Little is known about the art and culture of the Gambier Islands before European influence. Ethnological studies on a scientific basis could not be carried out because the works of art were almost eliminated by the colonizers in a very short time. Father Laval claimed to have burned 40 wooden idols in a single day. The scant information that has survived on the religion and worship of the Gambier Islands comes mainly from letters written by the missionaries to their religious superiors.

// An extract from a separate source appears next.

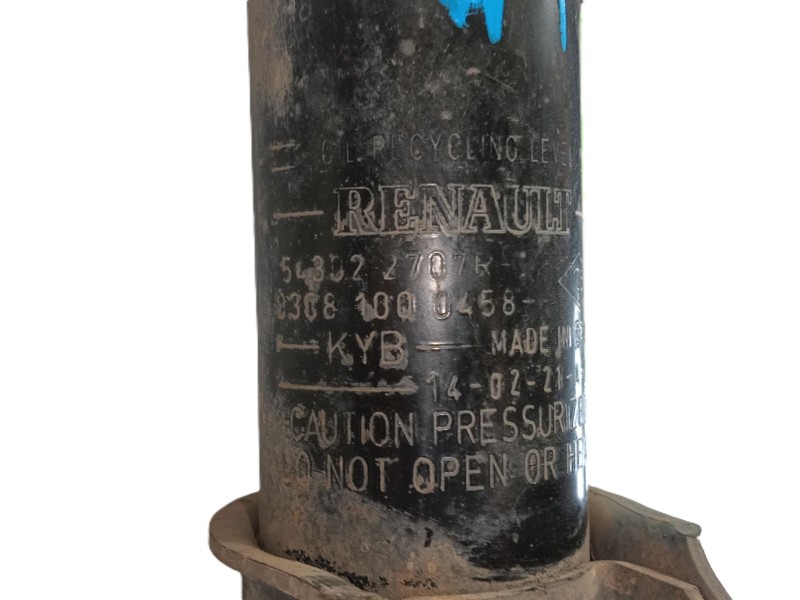 Recambio de amortiguador delantero derecho para renault kangoo / grand kangoo ii (kw0/1_) 1.5 dci 90 (kw05, kw08, kw0g, kw11) re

A thatched hut twenty feet long, ten feet wide, and seven feet high contained the idols. In front of the structure was a space twenty feet square paved with hewn coral blocks and bordered with curbs. Inside the hut was a boundary one meter high along its entire length, in the center of which stood a finely carved and polished one meter high idol. The eyebrows, but not the eyes themselves, were molded and, from the way the figure was carved, one could deduce that no consideration had been given to human anatomy. The idol was placed in an upright position with its limbs attached to the wall of the hut. The head and loins were tied with a piece of white cloth and the feet were placed in a gourd filled with water. Next to the idol were various oars, mats, coils of rope and garments, obviously gifts for the deity. On each side of the idol were carved three-armed stands on which were presented various objects, such as decorated coconut shells and pieces of bamboo, possibly intended to represent musical instruments.
— Frederick William Beechey

Only eight artifacts from the pre-European period from the Gambier Islands remain in the world, including a carved deity of the type described by Beechey in the above text in the Musée national des Arts d'Afrique et d'Océanie in Paris. The wooden figure, about a meter high and only remotely human, represents the god Rao, supposedly the "god of inequity" according to Father Caret's description, the third most important deity in the Mangareva pantheon.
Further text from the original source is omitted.